Available data>
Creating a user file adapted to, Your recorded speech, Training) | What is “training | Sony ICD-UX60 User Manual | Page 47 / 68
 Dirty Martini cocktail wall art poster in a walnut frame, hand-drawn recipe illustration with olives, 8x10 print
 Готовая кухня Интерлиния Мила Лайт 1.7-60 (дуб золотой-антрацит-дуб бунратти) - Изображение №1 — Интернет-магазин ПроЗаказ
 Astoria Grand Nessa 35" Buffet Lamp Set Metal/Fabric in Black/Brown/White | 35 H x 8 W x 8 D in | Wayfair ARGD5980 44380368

--

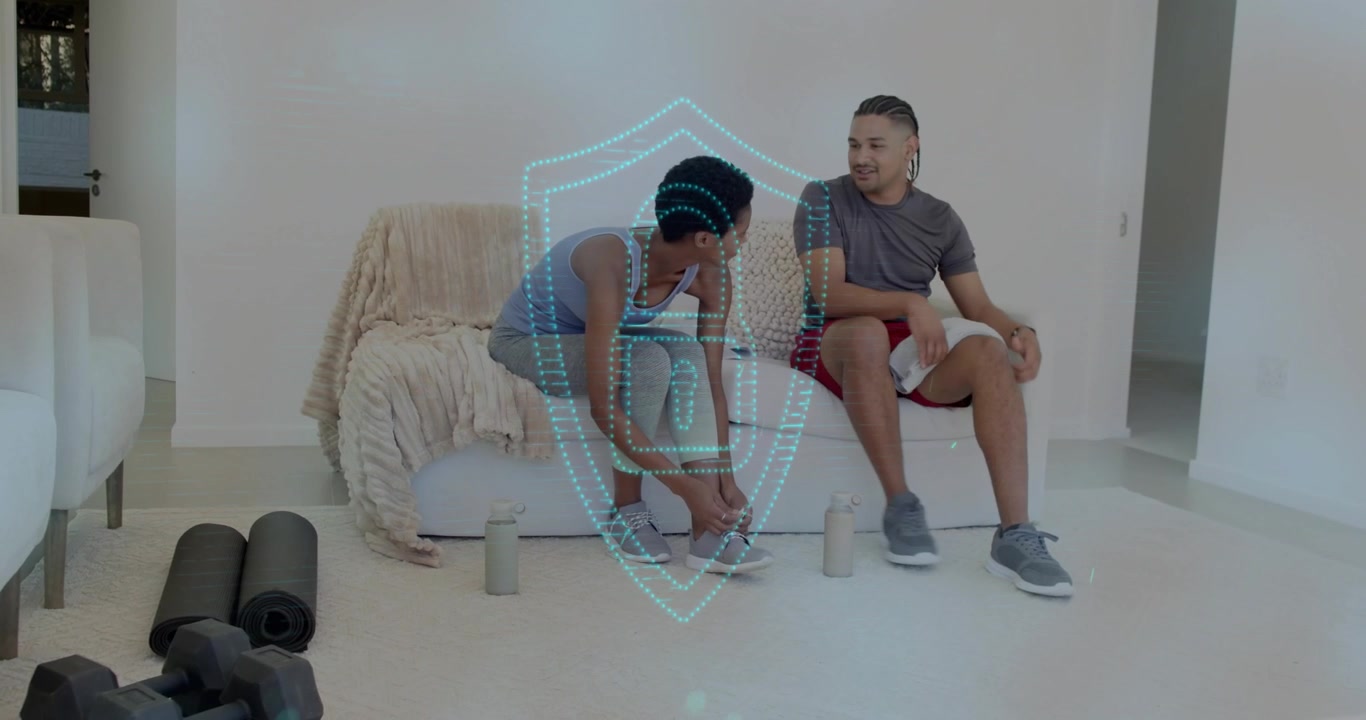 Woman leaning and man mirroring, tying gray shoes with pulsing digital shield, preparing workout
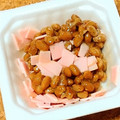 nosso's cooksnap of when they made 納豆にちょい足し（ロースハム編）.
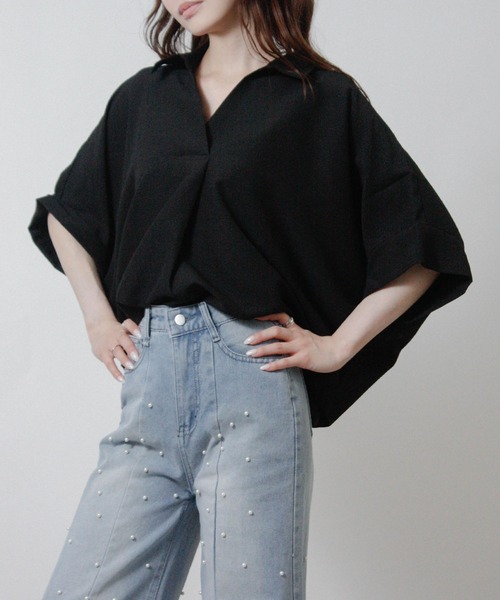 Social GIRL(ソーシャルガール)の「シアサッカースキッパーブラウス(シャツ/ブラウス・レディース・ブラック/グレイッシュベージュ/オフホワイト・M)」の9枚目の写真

Exercise aim>
Output the lines above exactly, but only those between the line holding "Creating a user" and the line holding "Astoria Grand Nessa", inclusive.

Output for this task>
Creating a user file adapted to, Your recorded speech, Training) | What is “training | Sony ICD-UX60 User Manual | Page 47 / 68
 Dirty Martini cocktail wall art poster in a walnut frame, hand-drawn recipe illustration with olives, 8x10 print
 Готовая кухня Интерлиния Мила Лайт 1.7-60 (дуб золотой-антрацит-дуб бунратти) - Изображение №1 — Интернет-магазин ПроЗаказ
 Astoria Grand Nessa 35" Buffet Lamp Set Metal/Fabric in Black/Brown/White | 35 H x 8 W x 8 D in | Wayfair ARGD5980 44380368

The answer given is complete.